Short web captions
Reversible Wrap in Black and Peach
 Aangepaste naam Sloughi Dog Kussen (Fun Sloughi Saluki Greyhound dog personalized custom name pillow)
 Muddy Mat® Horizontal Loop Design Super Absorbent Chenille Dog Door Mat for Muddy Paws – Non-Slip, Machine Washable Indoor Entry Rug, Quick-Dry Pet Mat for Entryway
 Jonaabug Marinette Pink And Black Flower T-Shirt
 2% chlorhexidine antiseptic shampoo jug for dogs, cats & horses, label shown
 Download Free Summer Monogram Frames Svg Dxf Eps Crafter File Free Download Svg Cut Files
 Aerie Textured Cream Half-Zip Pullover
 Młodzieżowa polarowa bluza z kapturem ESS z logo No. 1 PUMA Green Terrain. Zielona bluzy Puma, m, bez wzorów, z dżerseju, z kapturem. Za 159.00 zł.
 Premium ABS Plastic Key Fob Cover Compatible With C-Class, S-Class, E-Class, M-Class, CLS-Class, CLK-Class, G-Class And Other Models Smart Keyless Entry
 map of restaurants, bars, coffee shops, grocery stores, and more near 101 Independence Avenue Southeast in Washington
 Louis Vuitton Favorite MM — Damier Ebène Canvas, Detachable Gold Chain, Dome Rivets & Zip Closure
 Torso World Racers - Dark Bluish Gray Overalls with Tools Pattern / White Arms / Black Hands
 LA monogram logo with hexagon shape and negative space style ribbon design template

• [What you have to do]:
Recopy the entries above in their entirety, exactly.

• [Answer space]:
Reversible Wrap in Black and Peach
 Aangepaste naam Sloughi Dog Kussen (Fun Sloughi Saluki Greyhound dog personalized custom name pillow)
 Muddy Mat® Horizontal Loop Design Super Absorbent Chenille Dog Door Mat for Muddy Paws – Non-Slip, Machine Washable Indoor Entry Rug, Quick-Dry Pet Mat for Entryway
 Jonaabug Marinette Pink And Black Flower T-Shirt
 2% chlorhexidine antiseptic shampoo jug for dogs, cats & horses, label shown
 Download Free Summer Monogram Frames Svg Dxf Eps Crafter File Free Download Svg Cut Files
 Aerie Textured Cream Half-Zip Pullover
 Młodzieżowa polarowa bluza z kapturem ESS z logo No. 1 PUMA Green Terrain. Zielona bluzy Puma, m, bez wzorów, z dżerseju, z kapturem. Za 159.00 zł.
 Premium ABS Plastic Key Fob Cover Compatible With C-Class, S-Class, E-Class, M-Class, CLS-Class, CLK-Class, G-Class And Other Models Smart Keyless Entry
 map of restaurants, bars, coffee shops, grocery stores, and more near 101 Independence Avenue Southeast in Washington
 Louis Vuitton Favorite MM — Damier Ebène Canvas, Detachable Gold Chain, Dome Rivets & Zip Closure
 Torso World Racers - Dark Bluish Gray Overalls with Tools Pattern / White Arms / Black Hands
 LA monogram logo with hexagon shape and negative space style ribbon design template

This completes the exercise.